Apparently there are several options. The most obvious and easiest is for the UK to reverse its position on Article 50 of the EU charter and simply end the whole Brexit effort. That would mean that the whole exercise ends immediately.

The other options will take more time and require Britain to ask the EU for an extension for its Brexit beyond March 29. What will be the reaction by Brussels is not clear, but the EU most likely would grant an extension.

Another option is for the Prime Minister to step down from her position and for the country to call new general elections. That would mean a fairly long drawn out process of campaigns and electioneering with no certain outcome. If that were to happen, Brexit would probably be back at square one.

Then, there is the possibility for Britain to call another referendum on Brexit. That, too, would take quite some time with an uncertain outcome, despite the overwhelming “No” vote in Parliament.

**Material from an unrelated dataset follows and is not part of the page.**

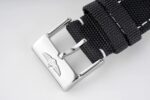 Breitling Avenger - Image 8
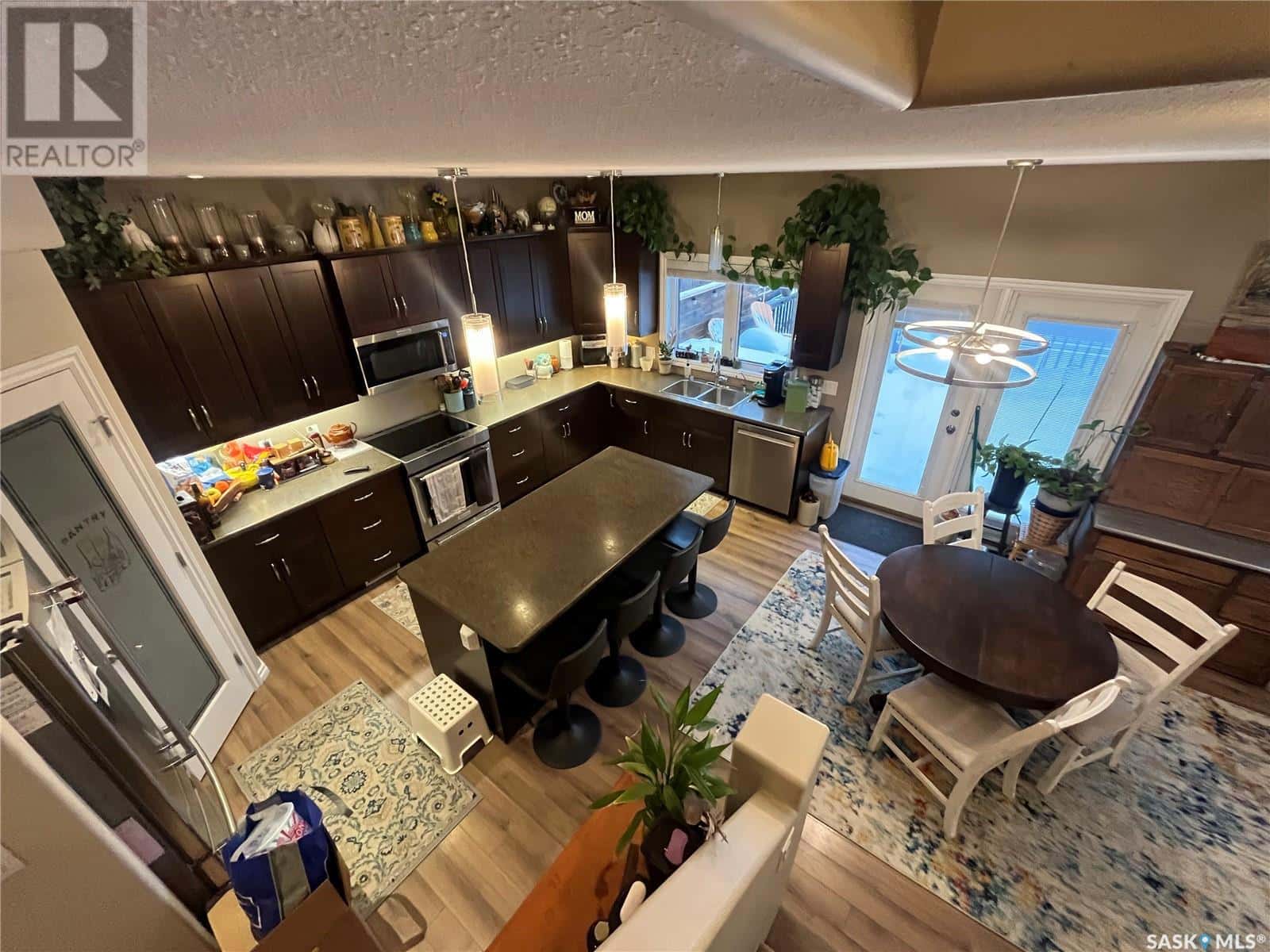 195 5TH AVENUE — Esterhazy, Saskatchewan - Photo 5 of 47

Finally there is the option for renegotiations with Brussels. That would require for Prime Minister May to be able to hold on to her position or for a new prime minister to take the stage with the objective of Britain leaving the EU. Since it has taken two years to get to this stage, another round of talks would take at least that long and the outcome is as uncertain as another referendum.

There is one positive impact Parliament’s rejection of Brexit should have on the rest of Europe is that the various stirrings of a departure from the EU should now be put to rest. The most obvious one is Catalonia’s effort to leave its union with Spain. It is unlikely that Barcelona will again push for devolution. The same thing is true for Scotland. Even though PM Nicola Sturgeon has made noises of calling for a referendum on devolution, the likelihood of such an event now is greatly diminished.

Much will depend on whether PM May will be able to weather efforts to oust her from the Prime Minister position and what happens next. If she is ousted, will Labor take over and will that mean that the new PM will take up the cause for Brexit? Probably not. If she stays, how will she proceed? Will she keep battling for Brexit?